Glauconite must be assessed as mica-rich mica-smectite R3 interstratified mineral, with the pure end-member mica also having intrinsic K-deficient chemical characteristics (K+ ~ 0.8 apfu). This assertion is in accordance with our X‑ray diffraction (XRD) and high-resolution tranmission electron microscopy (HRTEM) studies and chemical analyses by electron probe microanalysis (EPMA) of mature glauconites in Cenozoic Antarctic sediments that indicate that: (1) It consists of a glauconite-smectite (R3 ordered) mixed-layer silicate, composed mainly of mica-type layers (>90%), but displaying slightly different proportions of Fe(III)-smectite layers (<10%). (2) More mature glaucony grains are characterized by major K+ and VIFe2+ (mica layers) and minor VIFe3+ (smectite layers) content in the interstratified glauconite-smectite. (3) Potassium is stabilized at the interlayer site by the octahedrally coordinated Fe2+. (4) Microtexture of the glauconite crystals are comparable with those of other micas and illite minerals, with straight, defect-free lattice fringes of ~10 Å spacings glauconite packets characteristic of mica with minor interstratified poorly crystalline smectite layers. In addition, our new findings give insights into the glauconitization process and at the same time investigate the potassium-deficient character of the dioctahedral mica “glauconite.” These findings show that glauconite crystallizes by a layer-growth mechanism at the expense of a poorly crystalline smectite precursor and that smectite-to-glauconite transformations are accompanied by a gradually higher octahedral charge deficiency (Fe2+/Fe3+) stabilized by K+ uptake into the interlayer sheet.

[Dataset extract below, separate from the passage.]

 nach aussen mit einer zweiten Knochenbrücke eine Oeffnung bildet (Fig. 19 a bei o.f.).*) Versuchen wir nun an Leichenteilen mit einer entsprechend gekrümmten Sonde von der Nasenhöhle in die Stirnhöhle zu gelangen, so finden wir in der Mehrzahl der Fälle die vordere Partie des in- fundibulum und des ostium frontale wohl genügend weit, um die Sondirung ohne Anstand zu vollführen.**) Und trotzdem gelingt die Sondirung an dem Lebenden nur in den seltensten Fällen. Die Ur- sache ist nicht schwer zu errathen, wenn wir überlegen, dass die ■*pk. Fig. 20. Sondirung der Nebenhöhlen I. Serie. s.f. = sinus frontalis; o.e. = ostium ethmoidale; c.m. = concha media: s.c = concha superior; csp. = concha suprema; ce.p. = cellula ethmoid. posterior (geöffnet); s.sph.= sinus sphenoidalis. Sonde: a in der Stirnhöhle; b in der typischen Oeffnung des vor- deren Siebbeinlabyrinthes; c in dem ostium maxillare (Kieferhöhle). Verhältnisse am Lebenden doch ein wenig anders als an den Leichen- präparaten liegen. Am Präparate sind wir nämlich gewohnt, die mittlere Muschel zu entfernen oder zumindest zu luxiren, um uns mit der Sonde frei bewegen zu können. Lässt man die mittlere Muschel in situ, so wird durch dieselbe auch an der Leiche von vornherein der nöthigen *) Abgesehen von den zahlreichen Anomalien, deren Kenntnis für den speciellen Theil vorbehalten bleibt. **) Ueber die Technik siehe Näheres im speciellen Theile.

Keywords: Glaucony; glauconite; interstratified glauconite-smectite; HRTEM; XRD

Acknowledgments

This research used samples from the Ocean Drilling Program (ODP). We thank the staff onboard ODP Leg 113 and at the Gulf Coast Repository (GCR) for assistance in core handling and shipping. We thank María del Mar Abad, Miguel Angel Hidalgo, and Isabel Nieto of the Scientific Instrumentation Center (CIC) of the University of Granada for their help during analytical work. We also thank Associate Editor Warren Huff and anonymous referees for their constructive suggestions to improve the paper.

  1. Funding

    Funding for this research was provided by the Spanish Ministry of Science and Innovation (grants CTM2014-60451-C2-1-P and CTM2017-89711-C2-1-P) co-funded by the European Union through FEDER funds. The corresponding author acknowledges a FPI fellowship of the Spanish Ministry of Science and Innovation.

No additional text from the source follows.